I sensed an insult buried in his words. It hurt. The truth, naked and stripped of ridicule, can be the sharpest of weapons. Merkus came to mind. He’d voiced a similar observation when we’d first met. For weeks, I’d washed my garments daily and did my utmost to stave off anything that might soil my efforts. It took me far longer than it should’ve to realize the futility of remaining clean when my father and The Muds waited to undo my work at the end of each day.
“At least you see what I see,” Farian said, smiling at me. “Some of the men I’ve served with were little better than wild animals, adamant they couldn’t smell the blend of shit and sweat that hung on them like a cheap whore on a wealthy merchant.”
A streak of shame ran down my spine.
Farian laughed. “I don’t say this to mock you, little man. There was a time when I walked the world oblivious to the marks of The Mud slathered on every inch of me. And to tell the truth, I don’t ever remember noticing without help.” Farian pointed to the empty chair across the table from where he sat. “Please.”
With weary caution, I sat, not moving my eyes from his; I’ve found violence always starts in the eyes. The smile on Farian’s face remained kind and understanding, but I’d come to know the folly of trusting a kind smile. Not again. Never again. I pulled the two plates I’d initially taken closer to me, blindly grabbed a handful of meat, and stuffed it into my mouth.

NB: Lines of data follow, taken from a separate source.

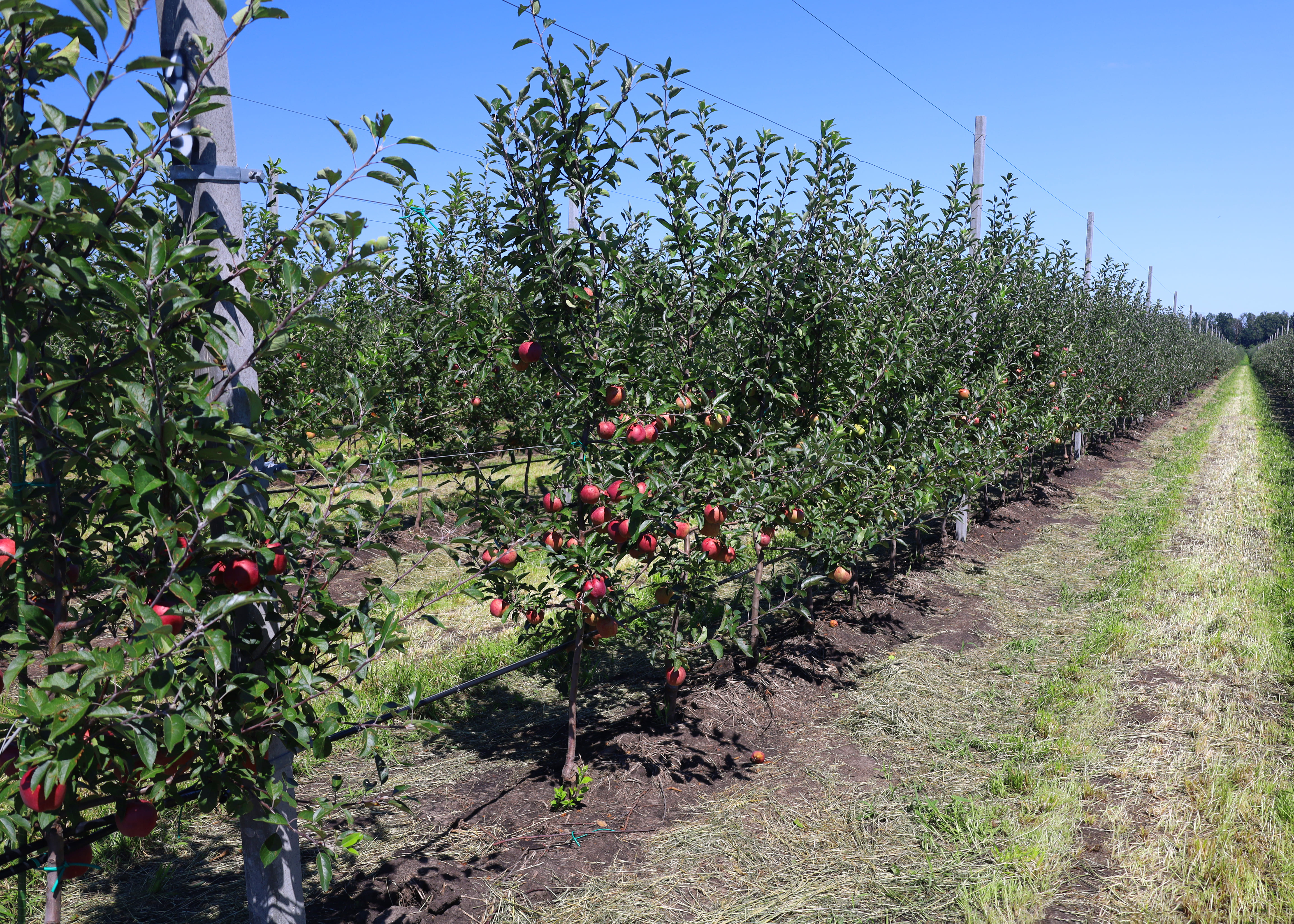 ООО «Владимировский сад» август 2023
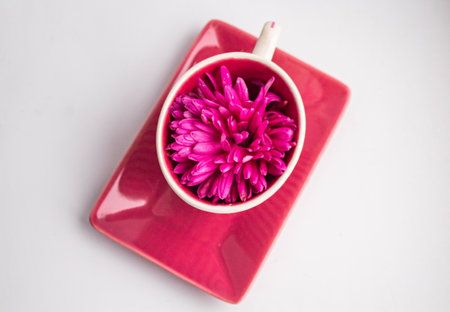 Bright bud pink chrysanthemums in a small cup with a saucerの写真素材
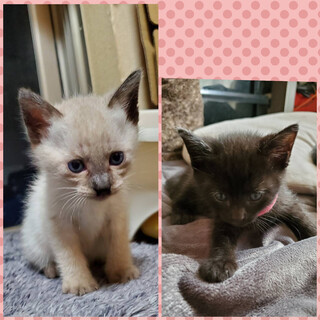 ２匹一緒に☆甘えん坊仲良し兄妹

“Slow down.” Farian waved a hand over the assembly of food. “This is all for you. I’ve already had my fill.”
Without a word, I pulled more plates closer to me, confident my hunger could down the lot. All the while, my eyes never left his. Despite trusting Knite, who told me Farian was a generous man who’d understand me better than most, I was coming to appreciate knowledge over belief, evidence over faith.
Soon, I was on my third plate and losing confidence. Still, I was more than willing to keep trying, aiming to discover what the opposite of hunger felt like.
“Your parents?” he said in a way that made it clear it was a question.
My mouth full, I shrugged.
“Who made you eat on the floor?” he clarified.
I swallowed before I answered. “My father.” Uttering those words almost stole my appetite.
Farian nodded sagely. After a long silence, he said, “My mother for me. So many years later, so much life lived, so many other memories created, scores of friends and enemies, lovers and betrayals, and yet…”
I watched him, the food forgotten, my hatred spilling forth to compete with his claims. “I doubt your mother was as loathsome as my—as him. She probably pushed you to the brink, hoping to use you to ascend. He did… worse, and for no conceivable reason.” I wanted to shout of his abuse, of the wicked ways he treated me, of the depths of his evil. I couldn’t. I told myself it was because of the lingering effects of Leahne’s Tunnel, but the truth, as it so often is, was too difficult to admit, most of all to myself.
Farian held up his hands. “Calm yourself, boy. To survive this world, you must keep your composure. Anger is a clumsy weapon and can hurt you just as easily as your enemies.”
I took a breath. He was right, of course. Before yesterday, when my rage had evaded the commands of my rational mind and had me attack Kalin, I was in control. Now, that control seemed so fleeting, so difficult to keep a hold of.
Farian took out a square mark half the size of my palm. It was made of wood and carved with The Bark symbol. “You’ll be living here until your assessment. So…” He slid the mark across the table.
I pulled a frayed cord from around my neck. My mark dangled from its end, scratched and chipped all over, a much smaller version of The Bark symbol etched into the corner, and the symbol for The Muds carved prominently in the center. I ran my thumb over the wavy lines, the memory of Diloni proudly smiling at me playing in my mind’s eye. She beamed with pride the day I earned my sponsorship. As had I. Now, the memory was soiled. Ruined.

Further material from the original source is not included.